GLASER: PLÄNE ZUR EU-AGRARREFORM MÜSSEN GEMILDERT WERDEN

Direktzahlungen an Betriebe sollten grundsätzlich an landwirtschaftliche Produktion gekoppelt bleiben

Wien, 30. April 2003 (ÖVP-PK) Der derzeit vorliegende Entwurf zur Reform der EU-Agrarpolitik wird in vielen Punkten sicher noch abgeändert. Davon zeigte sich ÖVP-Abg. Franz Glaser heute, Mittwoch, überzeugt. Vor allem die von der EU-Kommission vorgeschlagene Entkoppelung der Direktzahlungen von der bäuerlichen Produktion würde gravierende Nachteile für die heimische Landwirtschaft bringen, fürchtet Glaser.****

Der derzeit diskutierte Vorschlag von EU-Kommissar Franz Fischler sei bereits moderater gegenüber dem ursprünglichen Konzept. Glaser steht aber weiterhin zu seiner Hauptforderung: "Direktzahlungen an die Betriebe müssen zu einem gewissen Grad an die landwirtschaftliche Erzeugung gekoppelt bleiben. Kern des Systems der Direktzahlungen sollte die Produktion bleiben und nicht die Nicht-Produktion." Vor allem auf weniger begünstigte Agrarregionen würde sich eine völlige Abkehr vom bisherigen System nachteilig auswirken. "Die Landwirtschaft in Ungunstlagen würde weniger Wertschöpfung erzielen, und damit würden Arbeitsplätze im ländlichen Raum verloren gehen", sagte Glaser.

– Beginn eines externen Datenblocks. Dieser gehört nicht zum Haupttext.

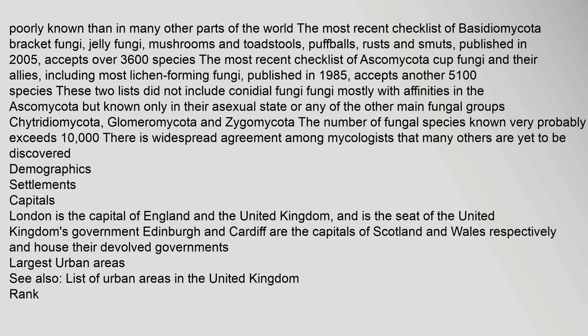Demographics — Settlements and Capitals: London is the capital of England and the United Kingdom, and as the seat of the United Kingdom's government. Edinburgh and Cardiff are the capitals of Scotland and Wales respectively, and house their devolved governments.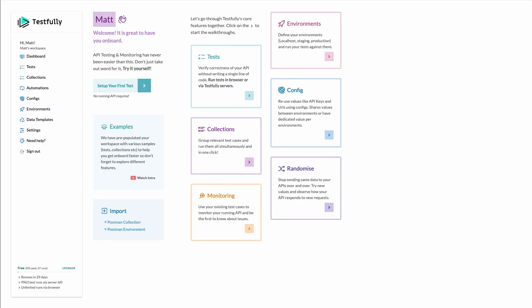That's it, a quick demo of testfully. We have features like environment and data templates that we didn't go through there. So we highly recommend to sign up for an account and try to use our walkthroughs, which gives you a quick demo of different features and how they work.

Positiv bewertet er die bereits vereinbarte Verlängerung des EU-Milchquotensystems bis zum Jahr 2015. Weniger kann Glaser dafür der geplanten Richtpreissenkung für Milch abgewinnen, die in fünf Stufen insgesamt einen Umfang von 28 Prozent erreichen soll. "Damit werden vor allem kleinere Milch erzeugende Betriebe in extreme Schwierigkeiten kommen", so Glaser.

EU-Erweiterung: Gute Marktchancen für heimische Qualitäts-Milchprodukte

Die EU-Erweiterung ab 2004 werde für den heimischen Milchmarkt neue Rahmenbedingungen bringen. "Auf billige Standarderzeugnisse kommt ein härterer Konkurrenzkampf zu. Dagegen steigen für hochwertige Milchprodukte die Marktchancen", zitierte Glaser aktuelle Prognosen. So werden in Ungarn pro Kopf jährlich erst 216 kg Milch konsumiert, in der EU sind es 326 kg.

"Damit hat die Südburgenland-Molkerei neue Chancen, ihre Qualitätsschiene weiter auszubauen. Die Strategie, heimische Rohprodukte gekonnt zu veredeln und sich mit regionalen Marken auf dem Markt zu behaupten, verspricht auch nach der EU-Erweiterung weiterhin Erfolg", so Glaser.